Very little has remained constant for the Wizards through this up and down season, except their propensity to lose to teams with bad records. Washington’s first loss of the season came in an overtime loss to the rebuilding Lakers in which they gave up a ten-point lead with under eight minutes to play in regulation. Their most recent loss came on Friday against the Hawks, the worst team in the Eastern Conference, in a game where the Wizards had a six-point lead with 5:28 to play and lost by six.
Washington now has 14 losses to teams with losing records this season, tied with the Miami Heat for the most among teams still in the playoff hunt. The Wizards are just as baffled as to why that is as everyone else.
“I don’t know. I’m telling you, if I knew, we would figure it out,” Tomas Satoransky said after the game. While he couldn’t pinpoint why the Wizards keep making the same mistakes, he provided a thorough breakdown of what the mistakes are and how they’re hurting the team.
“The ball just stopped moving,” he said. “We are not cutting, we are waiting on what someone with the ball will do. That’s not the way, that’s not the way how we won the games, how we were playing for each other. It’s still a week before the playoffs. We have to do something and we have to do it quickly because this was real bad. It’s a bad image for the whole team.”
Bradley Beal dominated the offense on Friday with John Wall out, as the team opted to rest him on the second night of a back-to-back. Although Beal scored 32 points, he launched 24 shots, nearly three times as many as Otto Porter, the starter with the next highest total. Only four of Beal’s field goals were assisted.
As a team, the Wizards only had 18 assists, their fewest in a game since January 22. It was well off their season average of 25.3 per game, the fourth-best mark in the league. Marcin Gortat wound up leading the team with four assists. The night before in Cleveland, John Wall posted 14 assists alone.
“The ball has been sticking,” Porter said after the game. “We’ve got to do a better job of moving the ball. Looking for the extra pass, looking for the right pass. Saving the home run passes. Turnovers [are] putting us in a bad position.”
Scott Brooks also pointed to the lack of passing as an issue in the loss. “Nobody wanted to share the basketball tonight,” he said. “When you do that you end up taking bad shots. And when you take bad shots, you end up missing. [...] If you don’t pass to your teammates, you’re not going to end up getting good shots. One-on-one players, there aren’t many in this league, and we don’t have one on our team.”
Beal’s ISO-heavy attack was far from the only issue, however. Markieff Morris’ inconsistent play reared its ugly head in Friday’s game. A night after playing 30 minutes of efficient, foul-free basketball, Morris hoisted six shots in the first eight minutes of the game against Atlanta, only making one, then promptly got ejected from the game after mouthing off to the refs.

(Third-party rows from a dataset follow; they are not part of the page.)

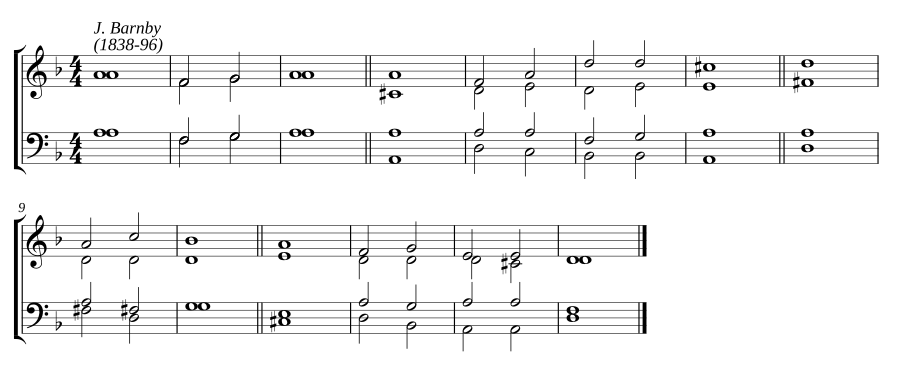 Double chant in D minor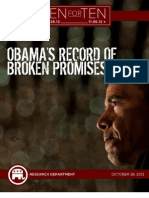 Obama's Record Of Broken Promises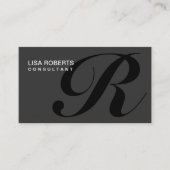 Monogram Professional Elegant Makeup Artist Visitekaartje (Voorkant)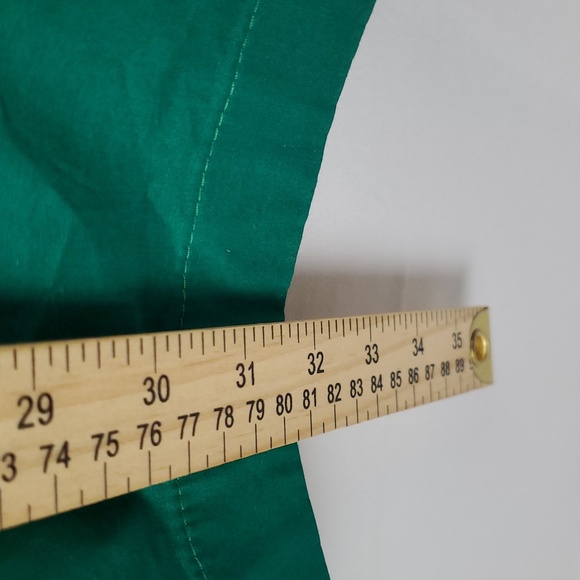 Heyton Emerald Green Embroided Lace Trim Of Shoulder MIDI Dress Sz L Cottagecore - Picture 10 of 14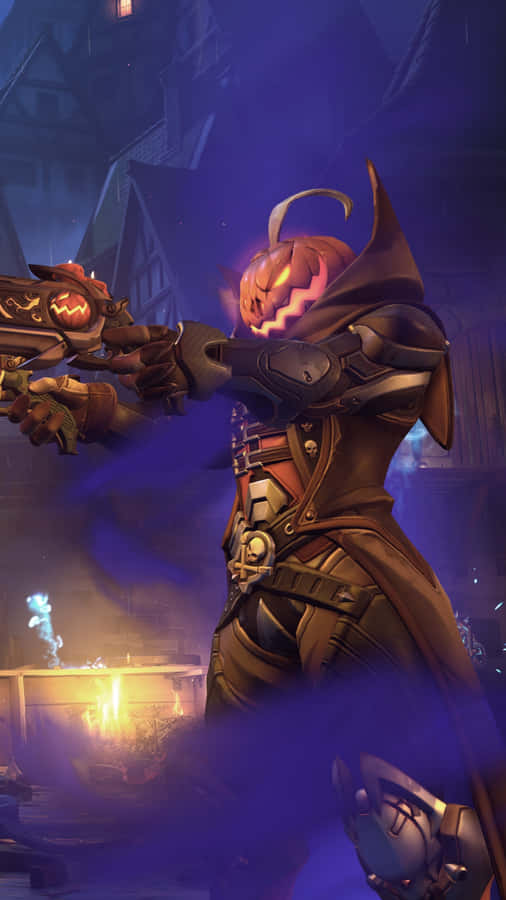 Halloween_ Pumpkin_ Head_ Character_ Artwork Wallpaper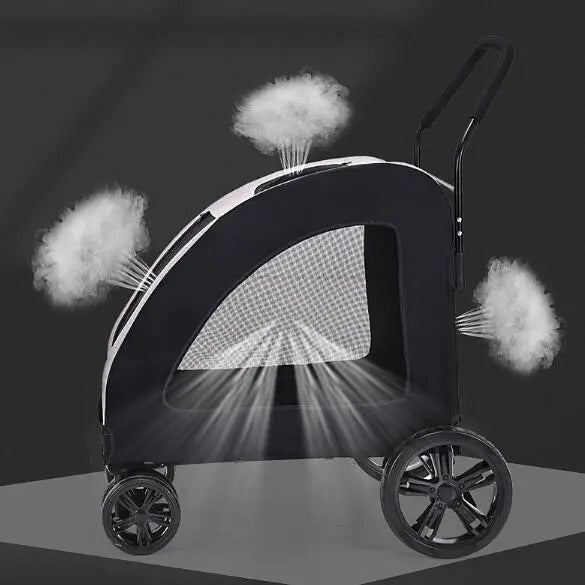 Large Dog Stroller with High Strength & Spacious Design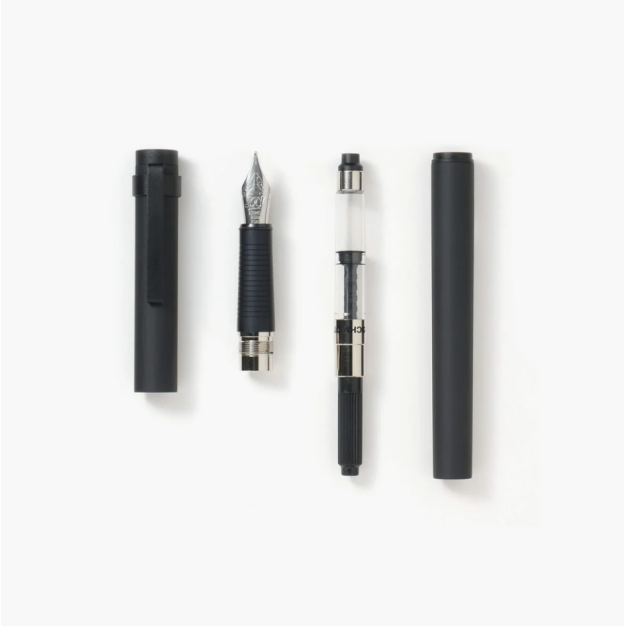 Stylo plume Kakimori en aluminum noir
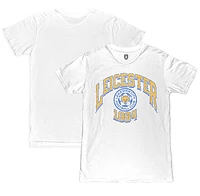 Men's 1863FC  White Leicester City Retro Wordmark T-Shirt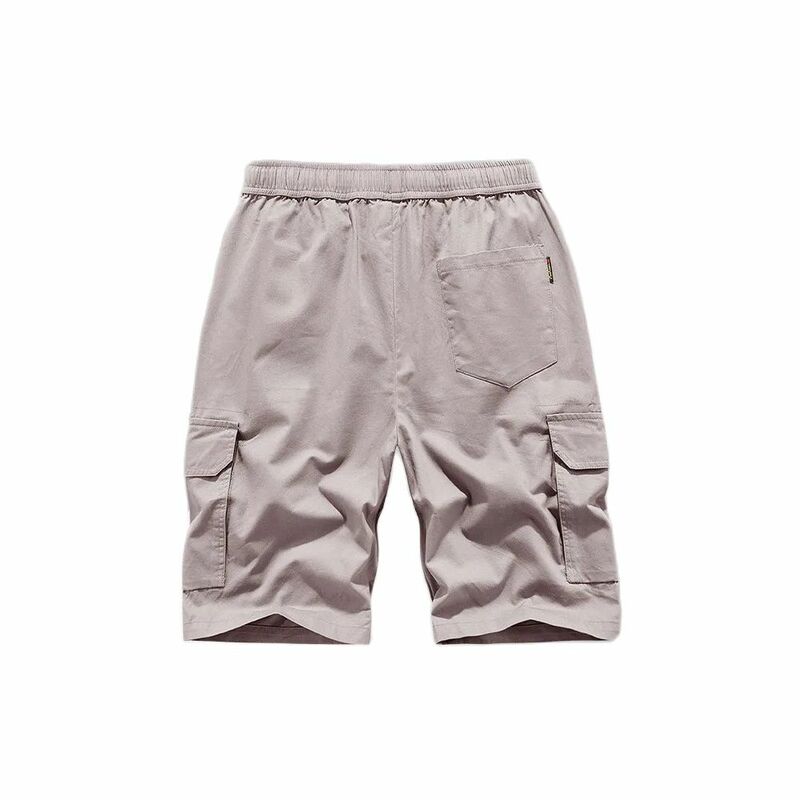 Pantalones cortos de algodón para hombre, shorts informales, holgados, deportivos, color sólido, verano, novedad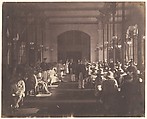 The Refectory of the Imperial Asylum at Vincennes, Charles Nègre  French, Salted paper print from glass negative
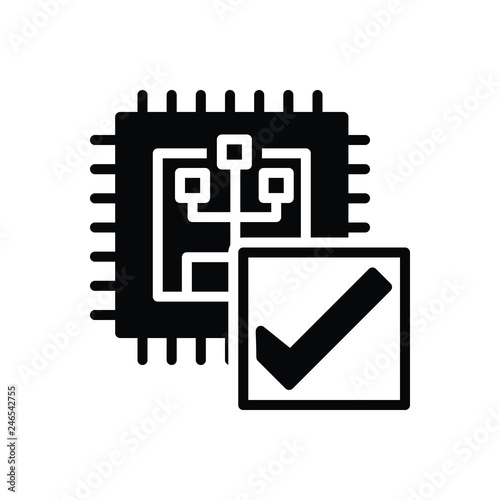 Black solid icon for Verify 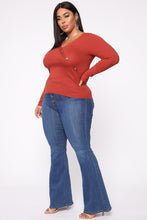 Load image into Gallery viewer, After Class Long Sleeve Top - Rust
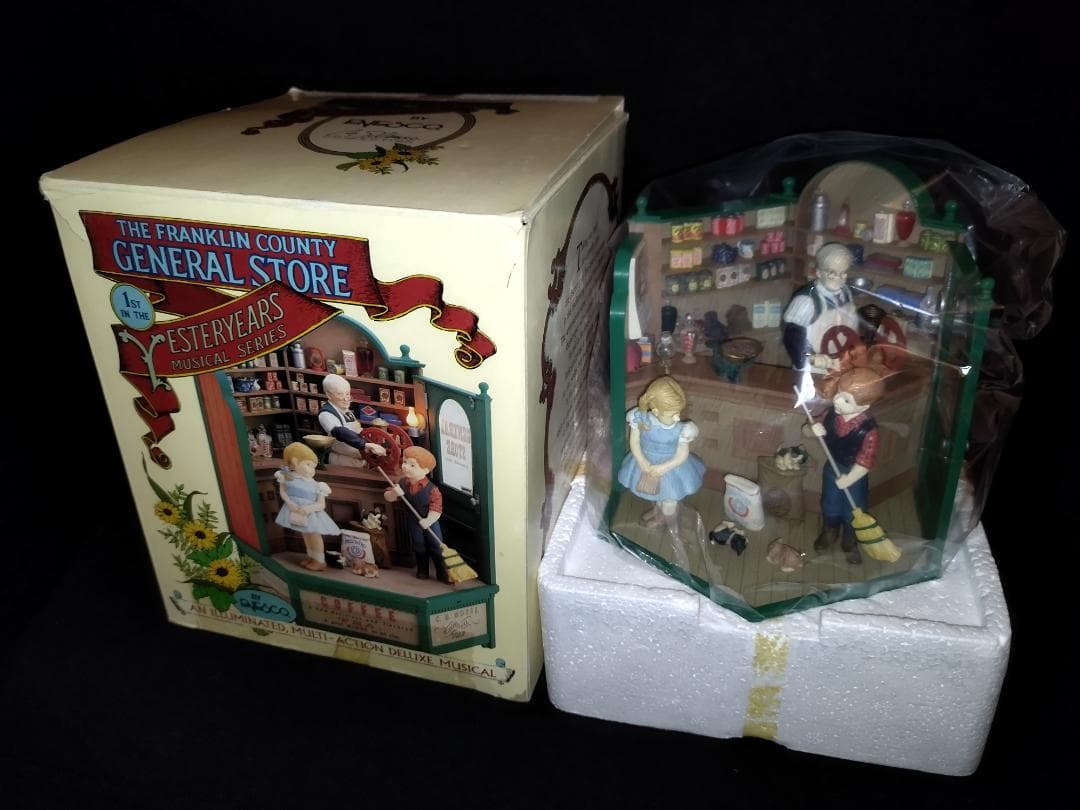 【美品】ENESCO エネスコ 電飾付最上級 オルゴール 喫茶店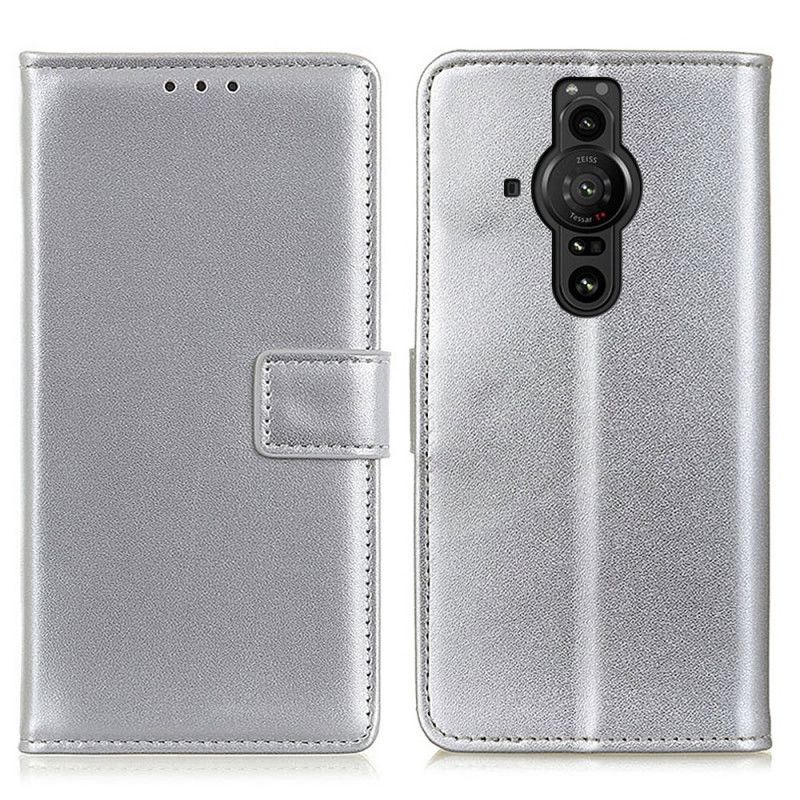 Folio-hoesje Sony Xperia Pro-i Telefoonhoesje Effen Kunstleer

“You can’t get frustrated enough to get thrown out of a game, especially when we’re shorthanded,” Brooks said. “We talked after; he apologized. He feels bad but we can’t put ourselves in that position. He knows that. He’s been in this league long enough and we cannot continue to put ourselves in those positions.”
Even with all those issues, the Wizards probably could have survived if not for yet another disappointing defensive effort. Six Hawks scored in double-figures, including Tyler Dorsey (22 points) and Damion Lee (11 points) off the bench. There was no communication, no help defense, no aggressiveness, and countless mental mistakes.
They appeared discombobulated in transition:
Lost on pick-and-roll coverage:
And generally just a step behind on every key possession:
“Defensively, we made the same mistakes,’ Brooks said. “[We] get beat backdoor, we get beat on offensive rebounds. We don’t help the helper. When you don’t do that, you hope that they miss, and you’re playing with fire. How we play when we’re at our best, we make them miss, and then we make the extra pass. It’s fun to coach, it’s fun to play and it’s fun to watch. Right now, we’re not doing any of the above.”
At the end of the day, it comes down to being disciplined enough to play whoever the opponent is. Washington needs to understand that even the NBA’s bottom feeders can beat them on any given night.
“You have to respect everyone who plays in the NBA,” Satoransky said. “Guys who did not play in the season for those teams, they are fighting, they are hustling. They want to have a place in this league. You have to respect that. It’s not like they want to lose. Everyone in the NBA is good and we have to respect that. I feel like we didn’t do that today and it’s really bad from all of us. We just have to blame all of us because it’s a team sport and we really have to do better.”
The good news for Washington is they won’t have to face any teams with losing records once the playoffs start. But when a series gets tight and goes to a deciding Game 7, they may wish they had taken these losses a little more seriously.